The limitation of xPoints is that lots of tries are scored from further out – Manly and Melbourne, for example, were experts in this last year – and some teams actively preferred to defend their line rather than other areas, because all they have to do is fire out and make the tackles.

The Roosters are goal-line defensive experts and not at all fussed to tackle from there, while in Super League, it is not uncommon to see a team carry an attacker over the line and hold them up to force them to go back to the 10 metres rather than get the play the ball a metre out, because some teams think that distance is optimal for goal-line defence.

It’s not a perfect stat – and indeed, no perfect stats exist – but it is useful for working out who got enough field position to score, and conversely, who should have scored more with the field position that they had. Weight of possession in the right areas equals tries more often than not.

The not is Canterbury. Mr Rugby League Eye Test himself told me that he had thought there was a data error when devising the xPoints stat when it produced such a high score for the 2021 Bulldogs.

In fact, it was just that they got into good positions quite a lot but failed to score, as evidenced by having the best completion rate in the league last time around but by far the fewest tries.
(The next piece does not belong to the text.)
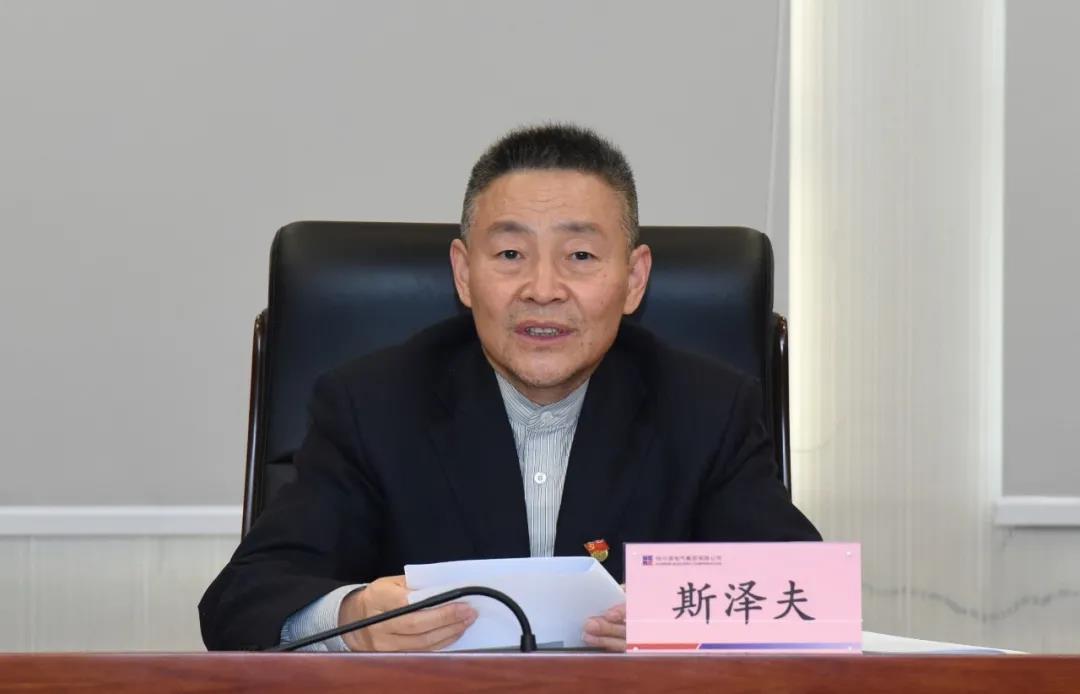 尊龙凯时人生就是搏 -官网首页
This brings us back to Sunday night at Accor Stadium, and why Barrett’s remarks were off the mark. His team didn’t create chances, they merely created the field position for chances to occur.

Matt Burton had one dart that was a try-scoring chance created, denied by an excellent tackle from Kotoni Staggs that prevented a grounding.

Matt Burton of the Bulldogs

Matt Burton of the Bulldogs (Photo by Ian Hitchcock/Getty Images)


Other than that though, the Dogs certainly had a lot of ball, and a lot of field position, but never really asked the requisite questions of the defence.

They did get over the line, but in such a manner that it wasn’t likely that they’d score: kicks in behind that went dead and players held up in-goal trying to barge their way over.

There were two main problems that caused this problem to occur. Jake Averillo is not a halfback, he’s a running five-eighth and the Dogs already have a better one of them in Burton, as well as a running fullback in Matt Dufty, so they really don’t need another guy who can do the same thing.

Averillo ran 17 times in 80 minutes, which is not a good statistic for a halfback. Too many runners spoil the broth, as it were, because the defence doesn’t have to deal with the idea of a pass or a kick when they know the first option of all three major playmakers is to go themselves.

This isn’t to put a bat signal up for Kyle Flanagan (yet) but having someone who is an organiser, kicker and distributor, even if they’re not that good at it, might be a better idea when you know that your other two playmakers are always going to run.

In the NSW Cup game that proceeded the Dogs vs Broncos fixture, the reserves won 48-12 against a strong Canberra, with Flanagan picking up two try assists and generally steering the side around.

The second issue is that drastic imbalance between the two sides of the field means that the Dogs are very, very predictable.


Consider the two sides of the field and where the Dogs have put their investment. On the left, you get Josh Addo-Carr, Brent Naden and Burton, which is a fairly serviceable NRL edge.

On the right, you get Jayden Okunbor, Braidon Burns and Averillo.

Jayden Okunbor of the Bulldogs looks on

Jayden Okunbor (Photo by Ian Hitchcock/Getty Images)

If you need to score with the game on the line, which way are you going to pass the ball? It’s not going to be the one that ends up with it in the hands of Okunbor. Brisbane knew this too, so they had a good handle on how the Dogs would attack.

There are a few ways around this problem for Barrett. He could put Flanagan in (or another actual halfback), which would allow Averillo to play in the centres and run all he likes.

He could put any one of Aaron Schoupp, Declan Casey, Isaac Lumelume or even Burns onto a wing to defend a lot better than the current incumbent while offering the same if not more in attack.

But all of these require him to think there is actually a problem in the first place. If he still thinks that his team created enough chances to win that game on Sunday night, maybe nothing can help him.